L’anno prima eravamo andati a Bologna, la città mi era piaciuta molto ma c’eravamo andati in treno, non era stata la stessa cosa. È difficile spiegare ora cos’era, per chi aveva dieci anni quando la televisione ancora non era in tutte le case – tre ore di trasmissione al giorno gli intervalli con le pecore e dopo Carosello i bambini a letto – farsi la costa di Maratea fino a Sapri e continuare fino ai templi di Paestum, uguali a quelli che avevo visto solo sul sussidiario in terza elementare. E poi Amalfi (l’anno prima avevo studiato le Repubbliche marinare) col suo Duomo fantastico e la scalinata ripida come le montagne sulla Costiera, le barche di mogano nel porto di Sorrento, la reggia di Caserta dove papà era stato durante il servizio militare e che mi lasciò letteralmente a bocca aperta, la prima autostrada che vedevo in vita mia e sulla quale provai l’ebrezza dei 90 km/h che (scoprii più tardi) non erano neanche veri e infine Napoli…
Come ho già detto l’anno prima avevo visto Bologna che mi era piaciuta molto: il centro con Piazza maggiore, San Petronio, le due torri, la fontana di Nettuno, il palazzo di Re Enzo. I portici mi avevano colpito ma mi sembrava di essere all’estero, non saprei spiegare questa cosa anche perché all’estero non c’ero ancora stato ma quella bella città non aveva punti in comune con la mia: le vie, i palazzi, le strade erano del tutto diversi, nonostante la lingua italiana e l’atteggiamento accogliente della gente mi sentivo in un paese che non era il mio. Non mi dispiaceva, non era un problema, tuttavia era così. Anche col passare degli anni, superata Roma ho sempre provato la stessa sensazione che a dirla tutta ho provato anche, almeno le prime volte, quando sono andato in Sicilia. Sensazione che per moltissimo tempo non ho saputo spiegarmi, indubbiamente basata su un fatto oggettivo, quello che in tempi recenti ha saputo individuare Giordano Bruno Guerri il quale, in modo illuminante, ha parlato di una diversità radicale e radicata, non un’inconciliabilità momentanea. Qualcosa di molto simile ad un’estraneità
. Tra l’altro a Bologna c’erano solo vie, palazzi, viali, piazze e qualche parco pubblico; per uno che viveva in una piccola città dalla quale si vedevano le montagne era una sensazione strana.

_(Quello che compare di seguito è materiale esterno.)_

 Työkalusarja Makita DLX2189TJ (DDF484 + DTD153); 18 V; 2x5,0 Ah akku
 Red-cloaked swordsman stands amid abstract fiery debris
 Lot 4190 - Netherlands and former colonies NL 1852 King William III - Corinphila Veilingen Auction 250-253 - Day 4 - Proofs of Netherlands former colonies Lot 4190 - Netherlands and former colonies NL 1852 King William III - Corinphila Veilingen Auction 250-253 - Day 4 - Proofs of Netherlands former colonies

Dal punto più alto che visitammo, il Colle di San Luca, si vedeva solo la città (che era grande ma non grandissima) forse anche perché non era una bella giornata. A Napoli non mi sembrava di essere all’estero, il centro storico mi ricordava con le debite proporzioni Cosenza vecchia, molte architetture erano simili anche nell’abbandono e con gli stessi segni del tempo, gli alberi e le piante erano come da noi, il mare aveva colori per me familiari. Rimanevo incantato a guardare il golfo e il Vesuvio ma nonostante la grandiosità dello sfondo la città riempiva la scena. Mi venne in mente la parola metropoli
, lo dissi a mamma che rispose: questa era una capitale, lo è stata per secoli.

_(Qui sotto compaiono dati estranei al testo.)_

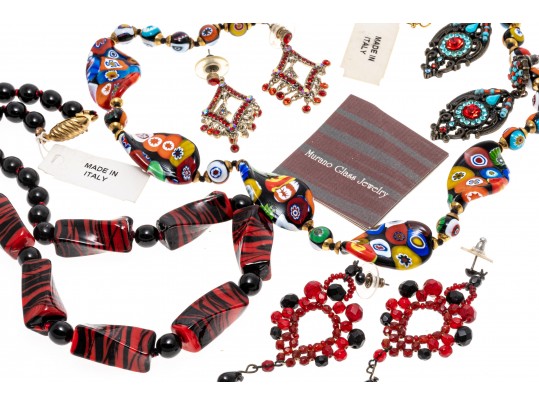 Lot Of Assorted Murano Glass And Beaded Costume Jewelry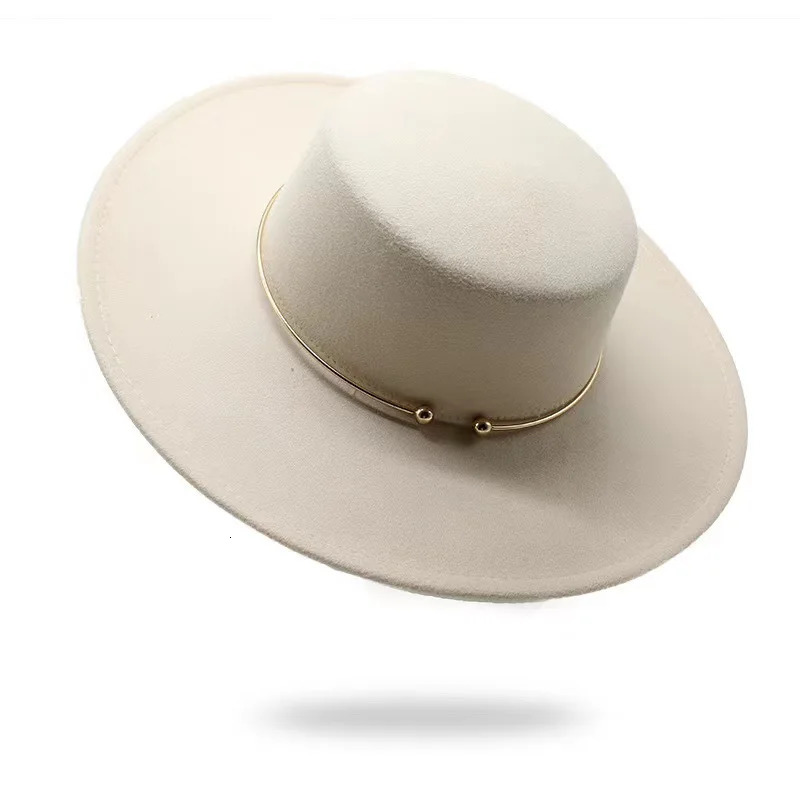 QBHAT Flat Top Fedora Hats for Women Vintage Top Hat Wide Brim Sun Protection Hats Church Dresses Party Wedding Fedoras Cap 250930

Oggi può sembrare incredibile nella nostra società plurietnica, ma prima di quel viaggio a Napoli, nel ’59, non avevo mai visto delle persone di colore vere, in carne e ossa, come non ne avevo mai incontrato né a Cosenza né a Nicastro né a Catanzaro, e neanche a Bologna. Rimanemmo non ricordo se quattro o cinque giorni e vedemmo tante cose, il porto col molo Beverello dal quale papà era partito alla conquista dell’Impero (più modestamente ora provò senza successo a convincere mia madre a prendere il vaporetto per Capri), il borgo marinaro e la riviera di Chiaia, il centro con la galleria, il San Carlo, Posillipo, la funicolare…
La città aveva un aspetto grandioso ma a poco a poco feci caso come molti di quei grandi palazzi, i portoni enormi e le scale solenni, come tante splendide Chiese e monumenti mostrassero i segni impietosi del tempo e dell’abbandono. Mi veniva in mente Bologna: anche là c’erano palazzi che risalivano al Medioevo, al Rinascimento, al Sette e all’Ottocento, ma non sembravano vecchi e decadenti. Persino a Cosenza vecchia gli edifici mi sembravano in condizioni migliori (ancora non c’era stata l’alluvione che portò in pochi anni all’abbandono del centro storico).

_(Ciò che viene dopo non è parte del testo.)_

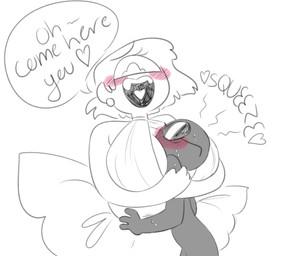 big_breasts blush breasts duo female hair hug not_furry simple_background smile text unnecessaryfansmut anonymous poppy_the_cyclops cyclops humanoid english_text hi_res
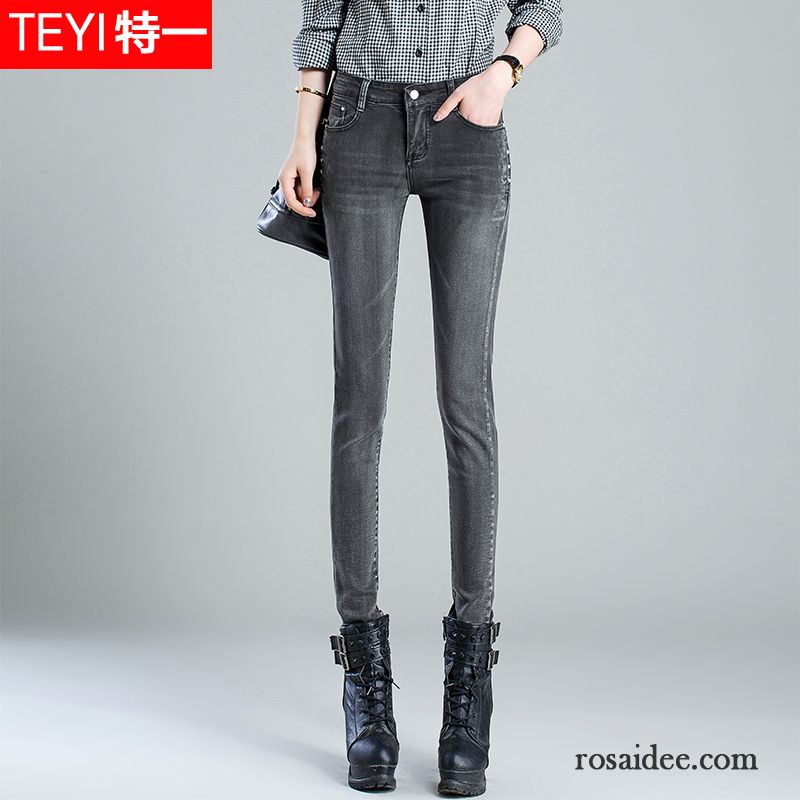 Jeans Bootcut Damen Hohe Taille Dünn Hose Neu Fett Herbst Große Größe Elastisch Damen Jeans Schlank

Feci queste osservazioni a papà che mi rispose: effettivamente è come dici tu, ma devi tenere presente che Napoli da quando non è stata più una capitale si è impoverita, non c’è stata più la corte né il governo, né gli uffici statali, tanta gente che campava quando c’erano queste cose è rimasta senza possibilità di lavoro… poi c’erano tante industrie che a poco a poco hanno chiuso perché non reggevano la concorrenza con quelle del Nord che erano più moderne. Del resto, aggiunse, i grandi industriali del Nord hanno preferito sviluppare le industrie da loro e poi i napoletani non sono grandi lavoratori, preferiscono la musica, le canzoni…
. Mia madre annuiva, erano convinti che le cose stessero proprio così, la storia gliel’avevano insegnata così. Mio padre era del ’12 e mia madre del ’20, quando qualche frammento di verità aveva cominciato a venire a galla (penso agli scritti di Nitti ma anche di Gramsci o Salvemini) ci aveva pensato il Fascismo con la sua retorica nazionalistica a seppellire definitivamente, almeno fino a qualche anno fa, la verità storica.
Nel ’59 gli unici cantieri navali che avevamo sentito nominare erano quelli di Genova e quelli di Monfalcone, questi ultimi moralmente più importanti, ci dissero, perché strappati all’odiato nemico austriaco con la gloriosa guerra del ’15-’18. Nessuno ci aveva parlato dei cantieri di Castellamare di Stabia e degli altri stabilimenti navali della Campania che erano i più grandi, i più tecnologicamente progrediti e quelli che occupavano più lavoratori in tutto il Mediterraneo. È appena il caso di ricordare che da quei cantieri uscivano navi mercantili e militari, che la Marina delle due Sicilie (meglio detta Armata di mare) oltre ad essere la più importante fra quelle degli Stati preunitari (la prima nave militare italiana a raggiungere gli USA fu l’Urania, costruita proprio a Castellammare di Stabia) era una delle prime al mondo e ancora più brillante era la situazione della marina mercantile (la flotta dei Florio, di Trapani, contava 99 navi, solo per fare un esempio).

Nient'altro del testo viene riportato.